### To do
Take the line that contains "Pink Lotus Waterlily" and all lines after it, up to and including the last line of the data, and write them out exactly; nothing else belongs in the answer.

· · ·

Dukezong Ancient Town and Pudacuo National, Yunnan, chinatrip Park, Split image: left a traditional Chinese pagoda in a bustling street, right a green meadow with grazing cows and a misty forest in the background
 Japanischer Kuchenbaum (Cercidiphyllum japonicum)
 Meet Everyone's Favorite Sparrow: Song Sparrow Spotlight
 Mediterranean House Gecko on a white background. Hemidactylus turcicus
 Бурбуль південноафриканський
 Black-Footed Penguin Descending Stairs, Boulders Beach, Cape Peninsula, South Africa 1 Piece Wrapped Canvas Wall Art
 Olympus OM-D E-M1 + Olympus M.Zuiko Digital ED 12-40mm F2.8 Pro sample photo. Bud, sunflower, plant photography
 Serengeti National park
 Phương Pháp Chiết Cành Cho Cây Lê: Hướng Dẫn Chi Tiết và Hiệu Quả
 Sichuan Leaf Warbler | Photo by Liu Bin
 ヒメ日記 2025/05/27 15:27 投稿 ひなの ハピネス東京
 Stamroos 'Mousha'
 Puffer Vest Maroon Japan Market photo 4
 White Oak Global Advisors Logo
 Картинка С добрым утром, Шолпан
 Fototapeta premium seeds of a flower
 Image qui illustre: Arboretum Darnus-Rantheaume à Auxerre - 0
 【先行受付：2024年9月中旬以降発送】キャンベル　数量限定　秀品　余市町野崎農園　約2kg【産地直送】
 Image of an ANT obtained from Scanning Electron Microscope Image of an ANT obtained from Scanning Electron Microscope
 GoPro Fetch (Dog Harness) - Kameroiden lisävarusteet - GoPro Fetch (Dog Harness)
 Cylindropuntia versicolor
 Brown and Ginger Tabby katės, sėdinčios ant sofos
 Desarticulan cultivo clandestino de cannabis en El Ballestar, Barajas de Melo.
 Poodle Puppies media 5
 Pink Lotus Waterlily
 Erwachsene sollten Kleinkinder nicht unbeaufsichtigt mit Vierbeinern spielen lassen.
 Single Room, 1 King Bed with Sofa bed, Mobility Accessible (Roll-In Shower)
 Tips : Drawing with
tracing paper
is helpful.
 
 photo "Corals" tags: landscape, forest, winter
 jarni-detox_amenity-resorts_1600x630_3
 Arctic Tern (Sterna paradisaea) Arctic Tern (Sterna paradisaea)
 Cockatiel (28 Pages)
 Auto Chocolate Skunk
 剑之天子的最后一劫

· · ·

### Written response
 Pink Lotus Waterlily
 Erwachsene sollten Kleinkinder nicht unbeaufsichtigt mit Vierbeinern spielen lassen.
 Single Room, 1 King Bed with Sofa bed, Mobility Accessible (Roll-In Shower)
 Tips : Drawing with
tracing paper
is helpful.
 
 photo "Corals" tags: landscape, forest, winter
 jarni-detox_amenity-resorts_1600x630_3
 Arctic Tern (Sterna paradisaea) Arctic Tern (Sterna paradisaea)
 Cockatiel (28 Pages)
 Auto Chocolate Skunk
 剑之天子的最后一劫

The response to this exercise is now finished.